►

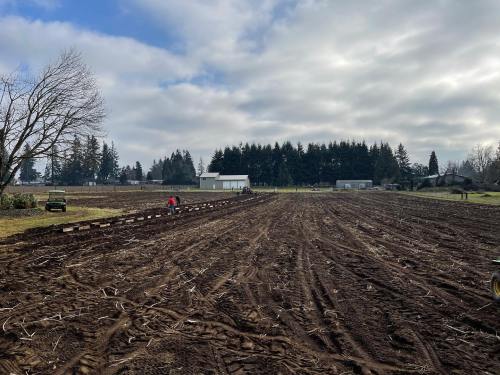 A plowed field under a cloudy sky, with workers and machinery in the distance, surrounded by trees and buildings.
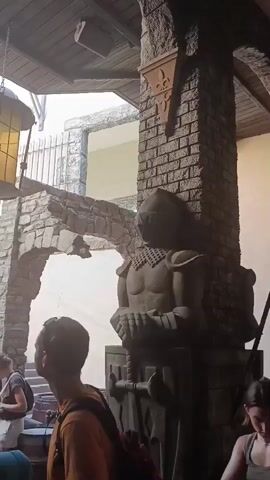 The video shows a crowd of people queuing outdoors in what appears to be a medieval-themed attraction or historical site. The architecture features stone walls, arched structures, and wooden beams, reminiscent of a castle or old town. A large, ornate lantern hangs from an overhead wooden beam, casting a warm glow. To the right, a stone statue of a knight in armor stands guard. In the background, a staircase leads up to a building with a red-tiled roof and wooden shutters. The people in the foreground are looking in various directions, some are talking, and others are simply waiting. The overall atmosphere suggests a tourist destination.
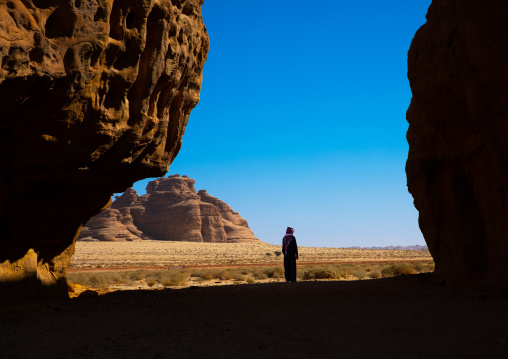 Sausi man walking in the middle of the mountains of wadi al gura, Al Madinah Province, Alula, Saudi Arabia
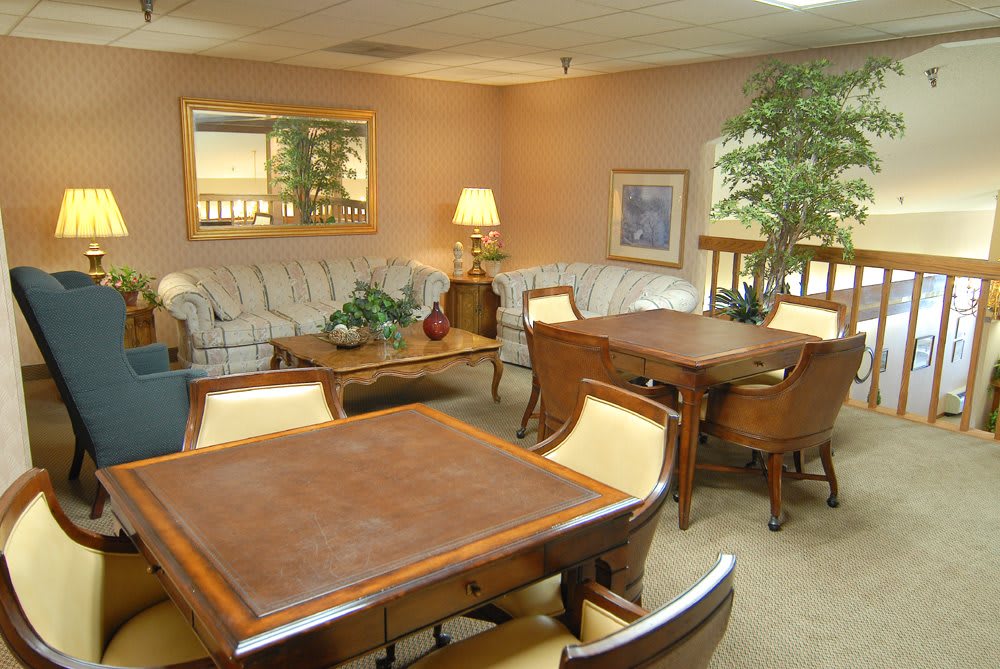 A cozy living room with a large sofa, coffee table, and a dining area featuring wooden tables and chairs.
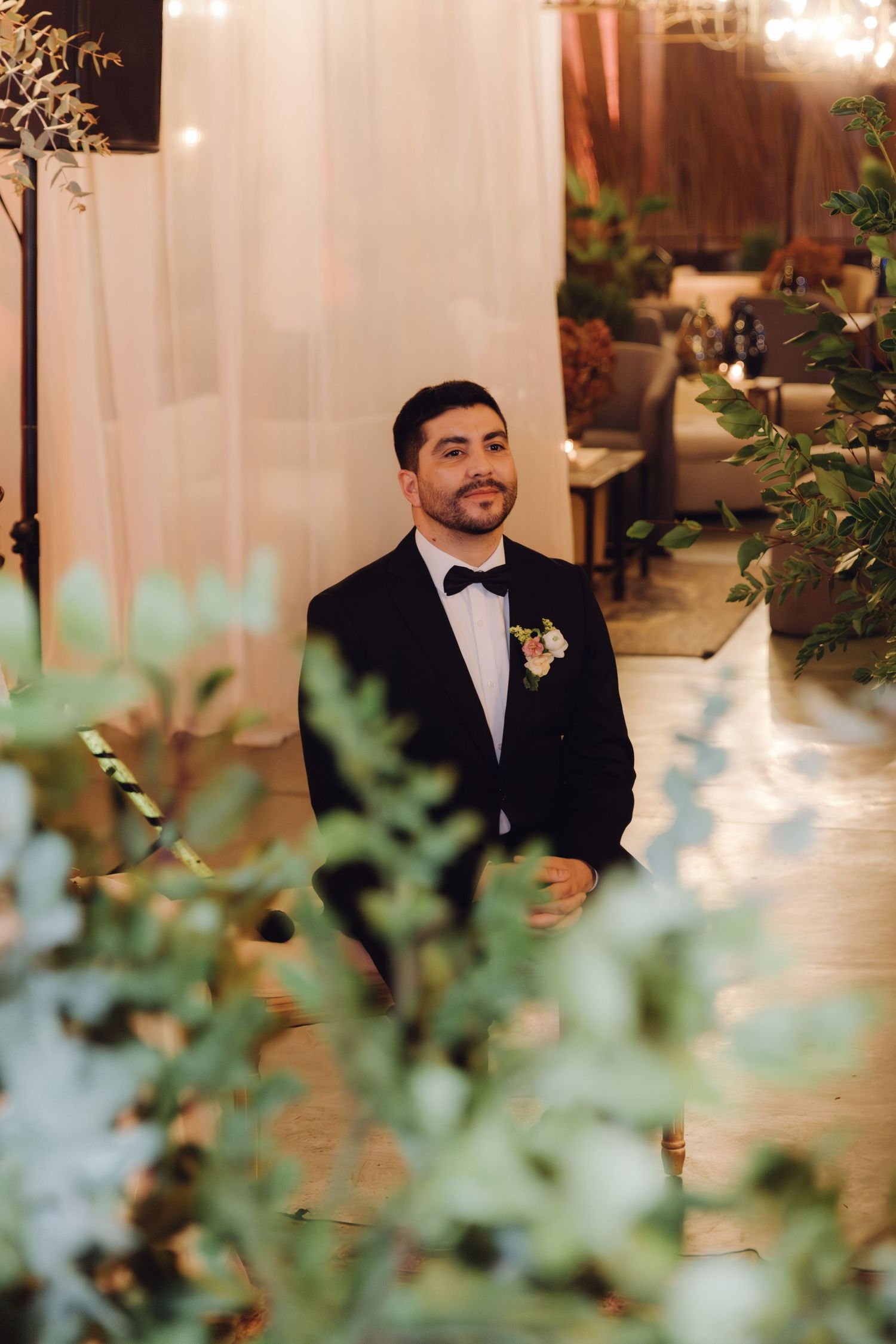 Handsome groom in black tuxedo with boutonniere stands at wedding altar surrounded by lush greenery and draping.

◄
►

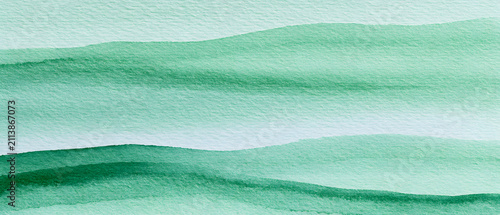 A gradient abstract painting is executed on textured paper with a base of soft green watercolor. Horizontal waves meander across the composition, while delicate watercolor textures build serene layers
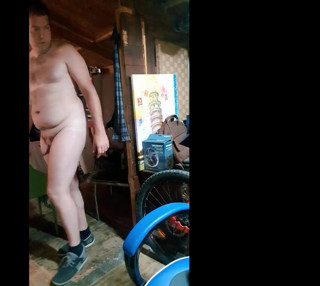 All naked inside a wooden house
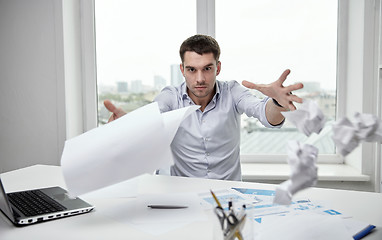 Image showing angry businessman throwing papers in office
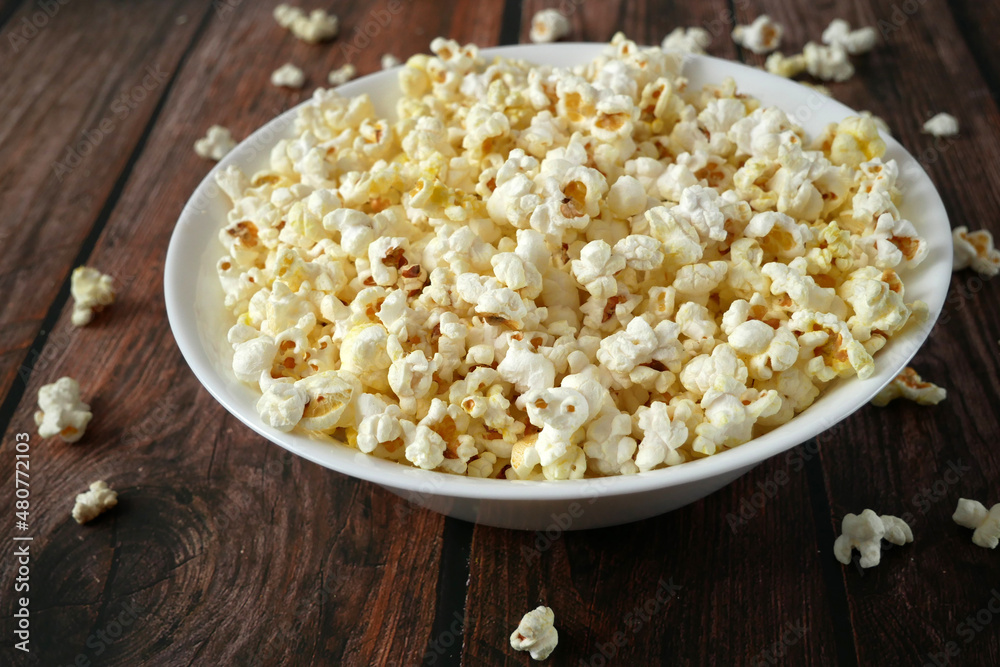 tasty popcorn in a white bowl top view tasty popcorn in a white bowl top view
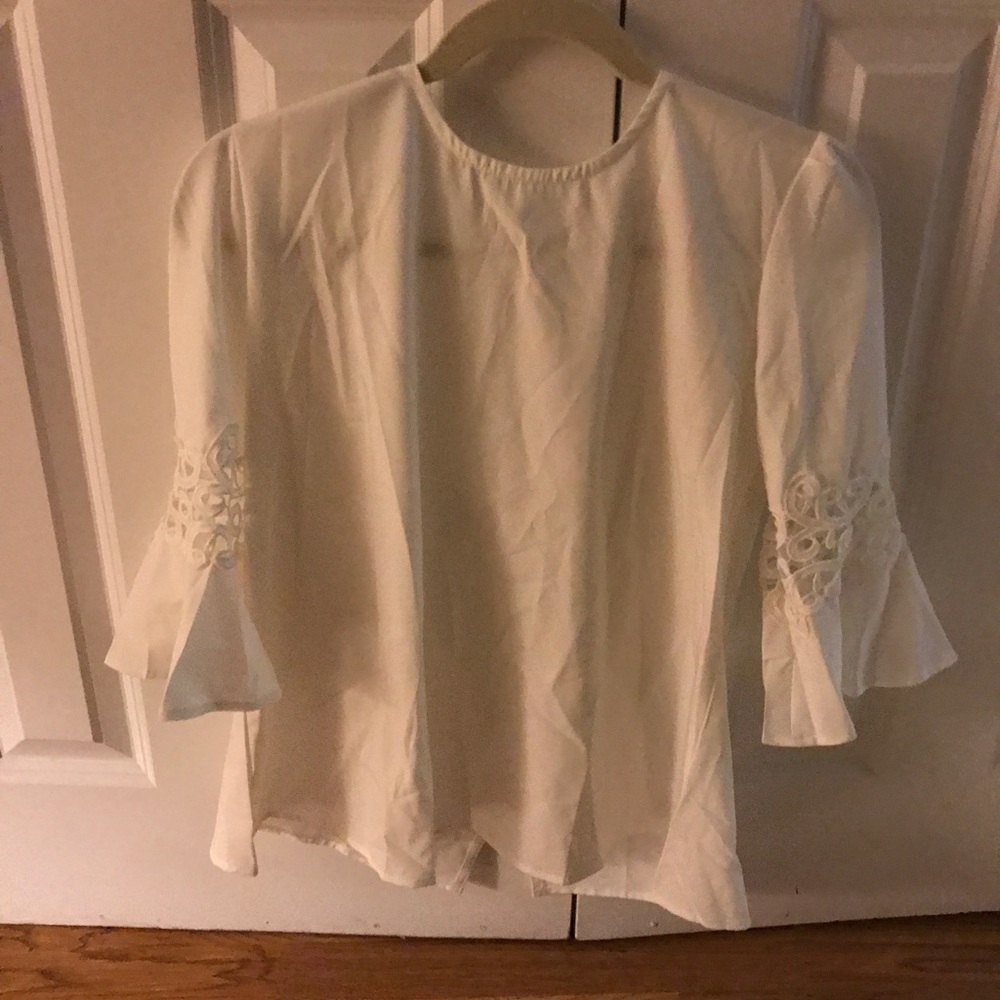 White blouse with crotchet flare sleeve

◄
►

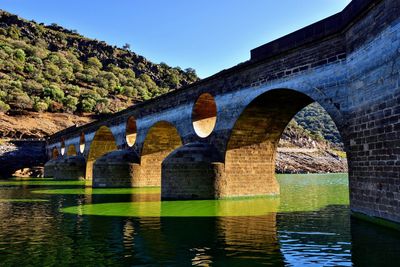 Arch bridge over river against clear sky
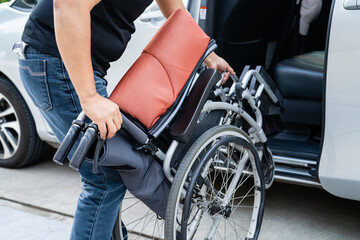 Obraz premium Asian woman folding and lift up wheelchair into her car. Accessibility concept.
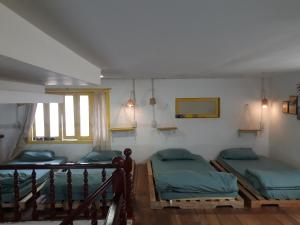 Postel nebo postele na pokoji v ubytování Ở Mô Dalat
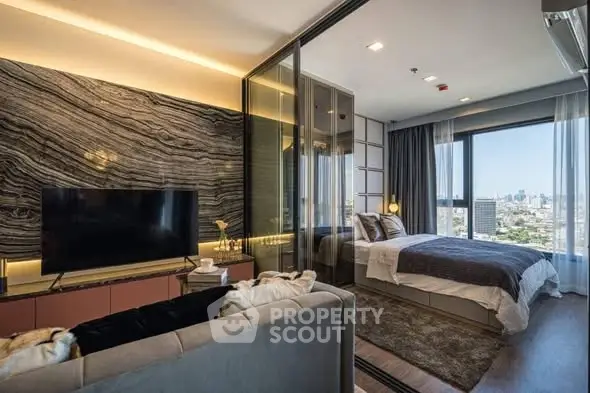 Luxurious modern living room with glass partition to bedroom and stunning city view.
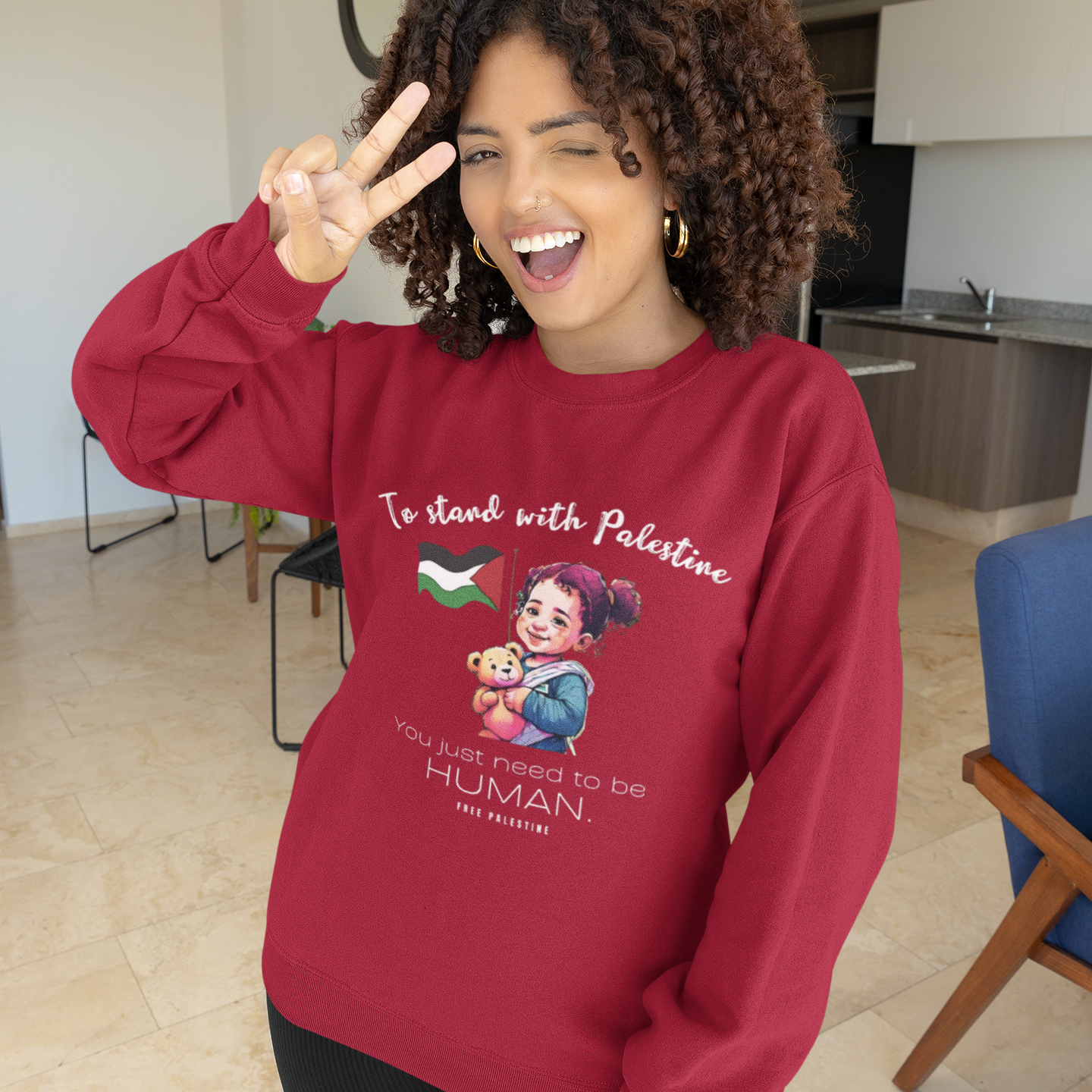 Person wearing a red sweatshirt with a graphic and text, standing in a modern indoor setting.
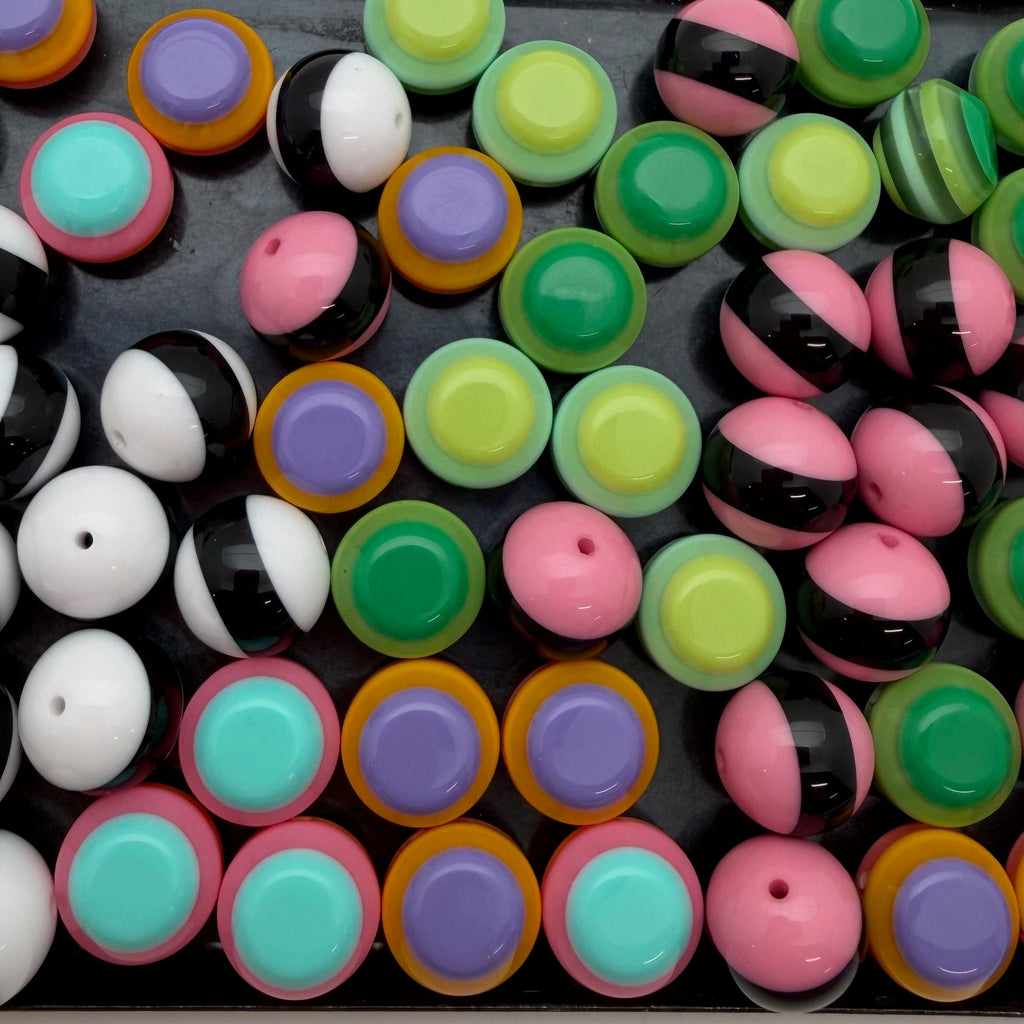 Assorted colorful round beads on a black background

◄

**Exercise prompt:**
From the material above, give again exactly the lines from the one that contains "A cozy living" through the one that contains "Handsome groom in", and leave out the pictures.

**Your solution:**
 A cozy living room with a large sofa, coffee table, and a dining area featuring wooden tables and chairs.
 Handsome groom in black tuxedo with boutonniere stands at wedding altar surrounded by lush greenery and draping.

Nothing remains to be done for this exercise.